I would like to test a Disaster Recovery of keyvault by deleting it from Azure portal or Terraform cli.

in the first case, i have deleted the keyvault from the portal, which was also deleted the access_policies, when i rerun the terraform apply from cli to recover the key_vault resource, it was also restored access_policy that i have provisioned as a external resource. since i my code has the depends_on block in access_policy for key_vault, this was deleted from the tf statefile and tried to recreate when i apply it which is failed with an error, access policy resource is already existed.
terraform code

resource "azurerm_key_vault" "example" {
  name                = "examplekeyvault"
  }
resource "azurerm_key_vault_access_policy" "example" {
  key_vault_id = azurerm_key_vault.example.id
  tenant_id    = data.azurerm_client_config.current.tenant_id
  object_id    = data.azurerm_client_config.current.object_id

 
depends_on = [azurerm_key_vault.example]
}

in case i have deleted the key_vault from terraform cli using terraform destroy, first it will delete the keyvault along with access policy, same has been removed from tf state file. however, when i ran the terraform apply, it was recovered both keyvault and access policy, terraform again try to recreate access_policy resource as it was deleted but azure has recovered it along with key_vault.

it is complex scenario.

Fixes i have tried.

Adding the lifecycle = [access_policy] block in the key_vault, this will fix my issue however, in future, if i would like to change the access_policy, key_vault doesnt allow.

Moving the external key_vault_access_policy resource to native key_vault. but it will delete the existing access policies and recreate them, this will break the authentication issues to my resources.
is there any way that i have fix this issue?

Hi @Krishg,

I have been able to reproduce the issue in only one of your scenarios (unless I have misunderstood them)

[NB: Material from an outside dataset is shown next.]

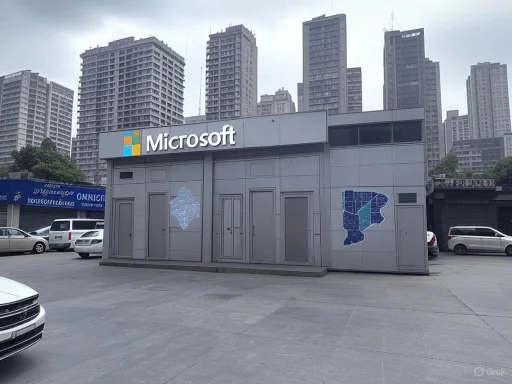 A Microsoft storefront kiosk is situated in an urban area with tall buildings in the background, under an overcast sky. A Microsoft storefront kiosk is situated in an urban area with tall buildings in the background, under an overcast sky.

Running a terraform apply after terraform destroy:

In this scenario I received no errors. Because the destroy carries out the operations in reverse of the apply (due to dependencies) the following occurs during destroy

azurerm_key_vault_access_policy.example: Destroying... 
azurerm_key_vault_access_policy.example: Destruction complete after 6s
azurerm_key_vault.example: Destroying... 
azurerm_key_vault.example: Destruction complete after 2s

Therefore the keyvault, when it is deleted no longer has any access policies. So when you next apply there are no errors, as the keyvault is created and then the access policies recreated:

azurerm_key_vault.example: Creating...
azurerm_key_vault.example: Creation complete after 2m8s 
azurerm_key_vault_access_policy.example: Creating...
azurerm_key_vault_access_policy.example: Creation complete after 6s

Running a terraform apply after deleting the keyvault from the portal:

In this case I did see the behaviour you describe:

azurerm_key_vault_access_policy.example: Creating...
╷
│ Error: A resource with the ID "/subscriptions/***/resourceGroups/example-resources/providers/Microsoft.KeyVault/vaults/example-keyvault-sp1999/objectId/*** 
already exists - to be managed via Terraform this resource needs to be imported 
into the State. Please see the resource documentation for "azurerm_key_vault_access_policy" for more information.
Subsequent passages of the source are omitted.